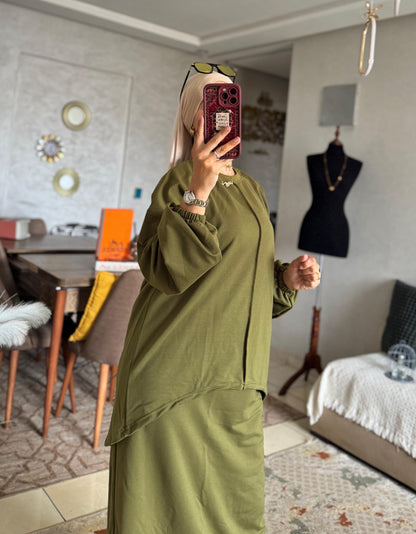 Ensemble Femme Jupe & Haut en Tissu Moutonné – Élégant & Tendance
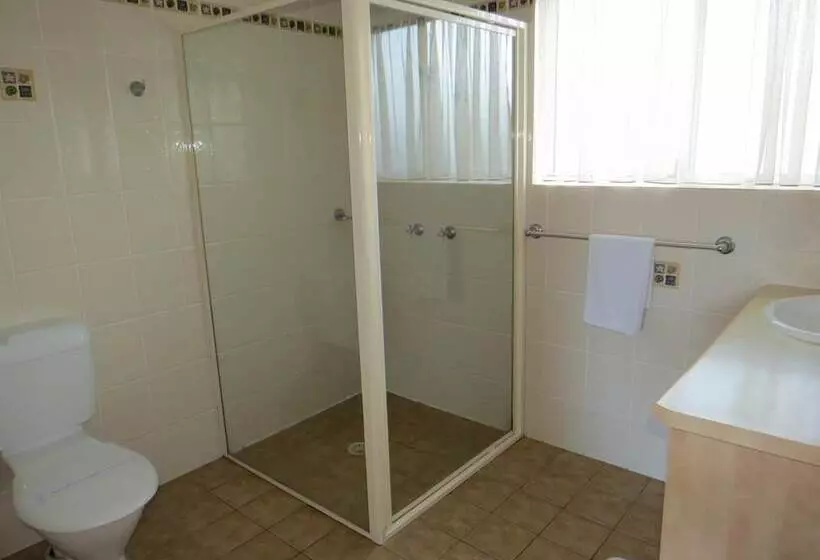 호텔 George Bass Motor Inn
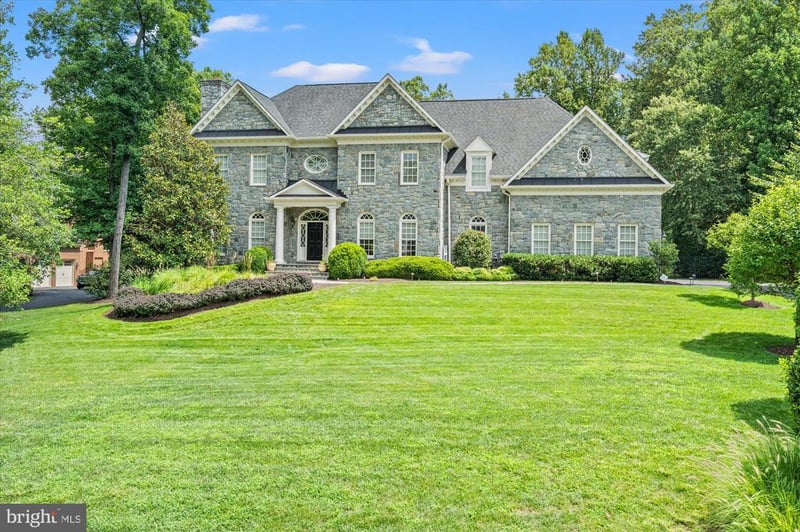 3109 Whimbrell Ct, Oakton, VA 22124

• • • • • • •

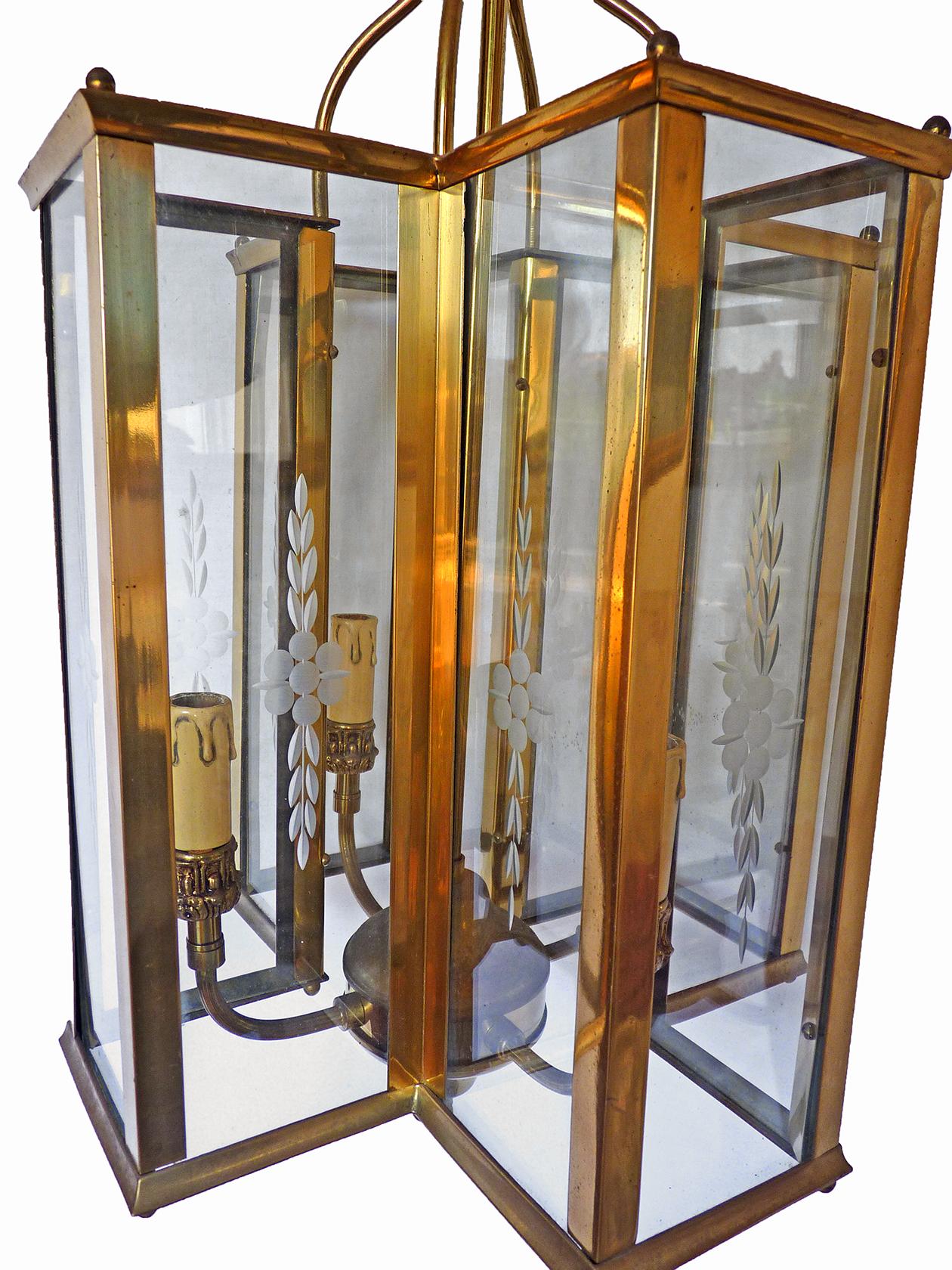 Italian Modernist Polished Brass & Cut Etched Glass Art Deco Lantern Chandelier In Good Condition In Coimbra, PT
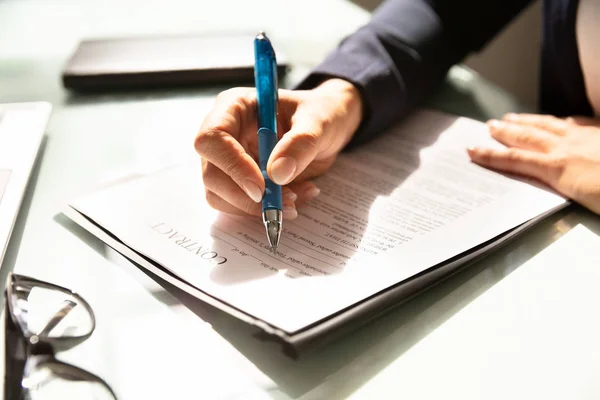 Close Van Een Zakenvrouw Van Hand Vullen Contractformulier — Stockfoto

• • • • • • •

**Aim of the task:** Although pictures appear among the records above, none are to be output; print exactly the lines from the line containing "Ensemble Femme Jupe" through the line containing "3109 Whimbrell Ct, Oakton, VA 22124".

**Solution to this exercise:**
 Ensemble Femme Jupe & Haut en Tissu Moutonné – Élégant & Tendance
 호텔 George Bass Motor Inn
 3109 Whimbrell Ct, Oakton, VA 22124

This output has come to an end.